- Born: Melissa Steel 6 July 1993 (age 33)
- Origin: Bradford, West Yorkshire, England
- Genres: R&B, reggae fusion, dance
- Occupation: Singer
- Years active: 2007–present
- Label: Atlantic UK

= Melissa Steel =

English singer

Melissa Steel (born 6 July 1993), is an English singer. She is best known for her debut single "Kisses for Breakfast" with Popcaan and also on Blonde's "I Loved You".

==Career==
===Background===
Melissa Steel grew up in Bradford. She attended Tong Leadership Academy with classmate Zayn Malik. She started performing at age seven and recorded her first self-written song in the studio at age 11.

In 2007, Steel, then 14, uploaded her first YouTube video and built an international fan base of people who would watch her covers. In the midst of building her profile online via YouTube and Myspace, Steel continued her work in the studio and began travelling to London to build her connections.

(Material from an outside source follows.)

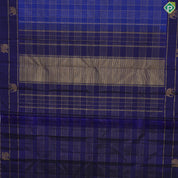 Navy Blue Gold Zari Kattam and royal blue with elephant and peacock separated lines border traditional silk saree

In 2014, she was signed to Atlantic Records UK.

===2014–present: Breakthrough===
In July 2014, she featured on Kove's single "Way We Are", released on 13 July 2014. The song entered at number 30 on the UK Singles Chart. On 27 July 2014, she released her debut single "Kisses for Breakfast" featuring Jamaican dancehall artist Popcaan. The single peaked at number ten on the UK Singles Chart for the week ending 9 August 2014, becoming Steel's first top ten entry on the chart. She features on Krishane's debut single "Drunk and Incapable", which was released on 12 October 2014 and peaked at number 27 on the UK Singles Chart.

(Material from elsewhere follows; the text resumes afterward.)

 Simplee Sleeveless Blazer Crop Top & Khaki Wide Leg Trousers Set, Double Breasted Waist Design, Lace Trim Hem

Steel rounded off the year with a MOBO award nomination for "Best Newcomer" and was shortlisted for MTV's Brand New for 2015. Steel also helped Krishane support Ariana Grande on the UK leg of 'The Honeymoon' tour.

In December, Steel featured on Blonde's single "I Loved You", which entered the UK chart at number 7 and is certified Platinum.

==Discography==
===Singles===
====As lead artist====

| Year | Title | Peak chart positions |  | Album |
| UK | SCO |
| 2014 | "Kisses for Breakfast" (featuring Popcaan) | 10 | 15 | —N/a |
| 2015 | "You Love Me?" (featuring Wretch 32) | – | — |

====As featured artist====

Year: Title; Peak chart positions; Album
UK: UK Dance; AUT; BEL; GER; SCO; SWI
2014: "Way We Are" (Kove featuring Melissa Steel); 30; 7; –; 66; –; 38; —; Non-album singles
"Drunk and Incapable" (Krishane featuring Melissa Steel): 27; –; –; –; –; 33; —
"I Loved You" (Blonde featuring Melissa Steel): 7; 5; 60; 31; 25; 10; 56
"—" denotes a single that did not chart or was not released.